**** Supplied material ****

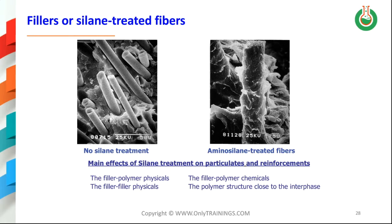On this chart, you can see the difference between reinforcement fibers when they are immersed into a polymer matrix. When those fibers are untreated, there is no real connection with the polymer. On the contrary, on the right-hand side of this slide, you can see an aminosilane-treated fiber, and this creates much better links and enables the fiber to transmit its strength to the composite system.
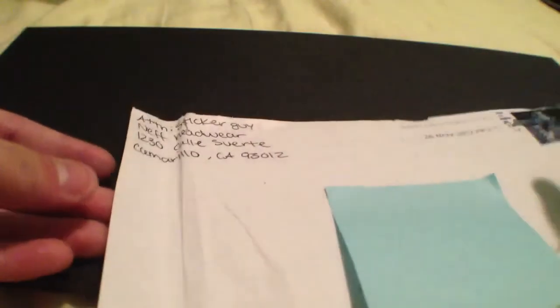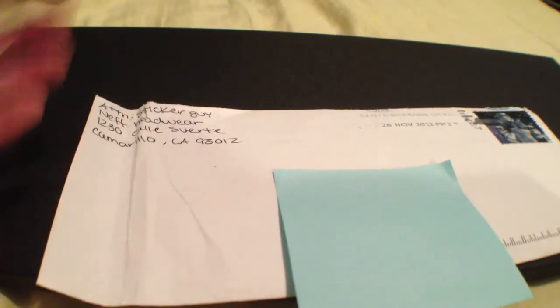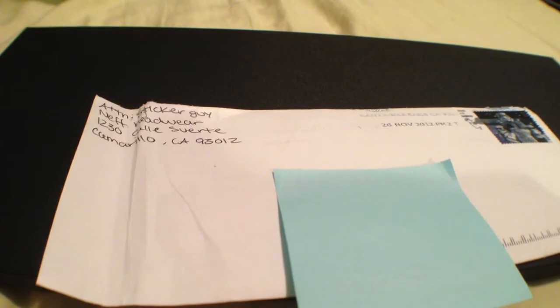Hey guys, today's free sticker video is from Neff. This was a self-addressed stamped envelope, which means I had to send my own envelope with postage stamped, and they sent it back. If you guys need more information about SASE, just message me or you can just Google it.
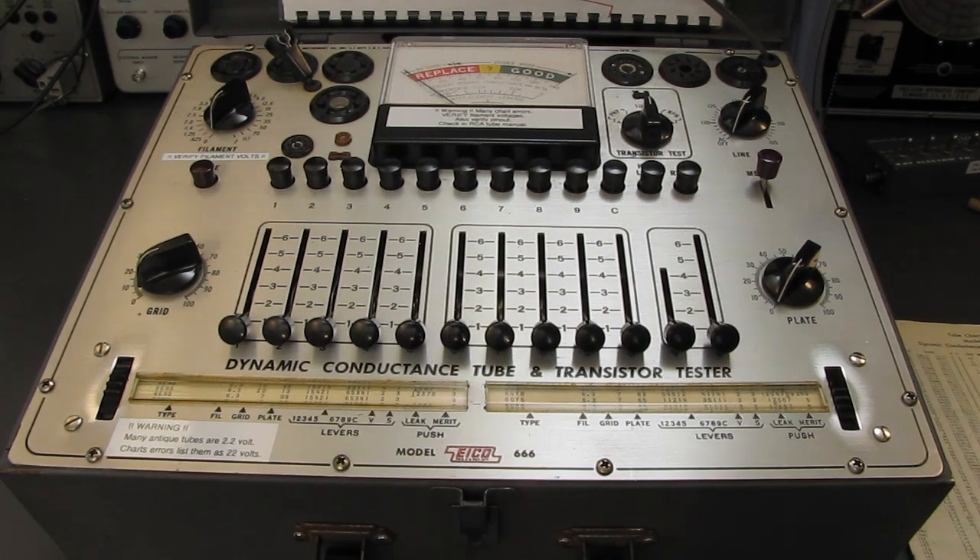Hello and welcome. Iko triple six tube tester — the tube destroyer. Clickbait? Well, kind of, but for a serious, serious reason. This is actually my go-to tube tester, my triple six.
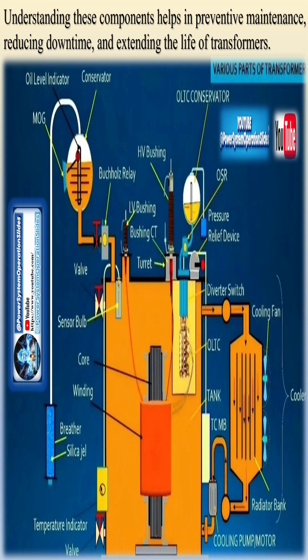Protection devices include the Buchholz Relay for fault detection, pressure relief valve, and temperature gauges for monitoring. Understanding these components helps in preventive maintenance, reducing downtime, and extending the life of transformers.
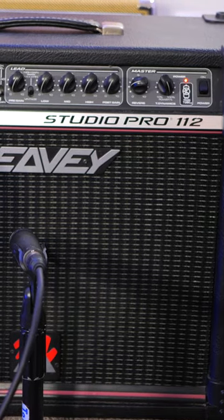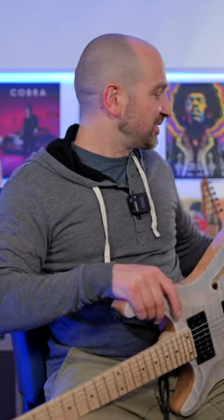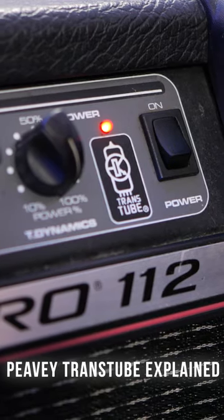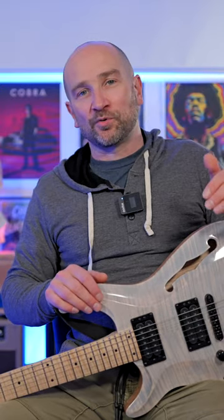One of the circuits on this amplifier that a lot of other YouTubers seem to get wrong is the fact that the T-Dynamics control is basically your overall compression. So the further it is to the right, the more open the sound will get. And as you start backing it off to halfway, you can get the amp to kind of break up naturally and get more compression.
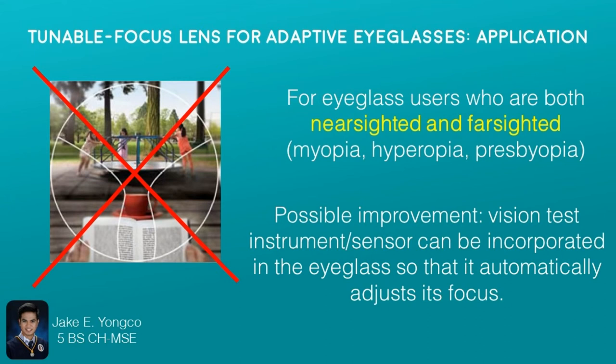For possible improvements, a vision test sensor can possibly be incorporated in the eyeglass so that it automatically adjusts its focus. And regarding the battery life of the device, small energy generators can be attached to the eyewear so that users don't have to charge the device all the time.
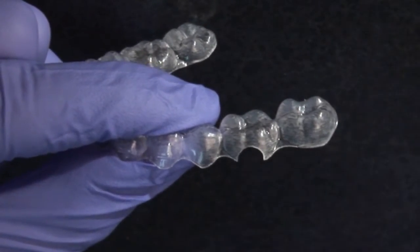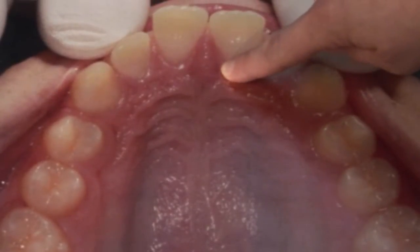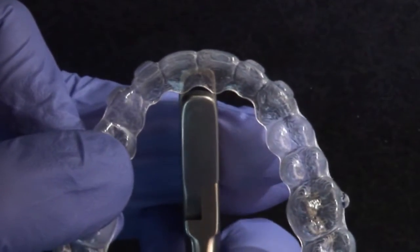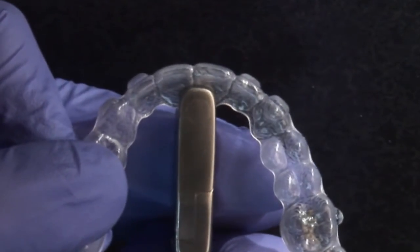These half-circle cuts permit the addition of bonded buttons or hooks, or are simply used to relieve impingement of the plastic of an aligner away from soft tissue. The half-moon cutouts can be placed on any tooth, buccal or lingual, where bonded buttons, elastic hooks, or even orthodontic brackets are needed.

****

- _What the exercise asks_:
Transcribe exactly, please, the lines between the start of the records above and the line holding "Hey guys, today's", counting both of those lines and omitting pictures.

- _Answer box_:
On this chart, you can see the difference between reinforcement fibers when they are immersed into a polymer matrix. When those fibers are untreated, there is no real connection with the polymer. On the contrary, on the right-hand side of this slide, you can see an aminosilane-treated fiber, and this creates much better links and enables the fiber to transmit its strength to the composite system.
Hey guys, today's free sticker video is from Neff. This was a self-addressed stamped envelope, which means I had to send my own envelope with postage stamped, and they sent it back. If you guys need more information about SASE, just message me or you can just Google it.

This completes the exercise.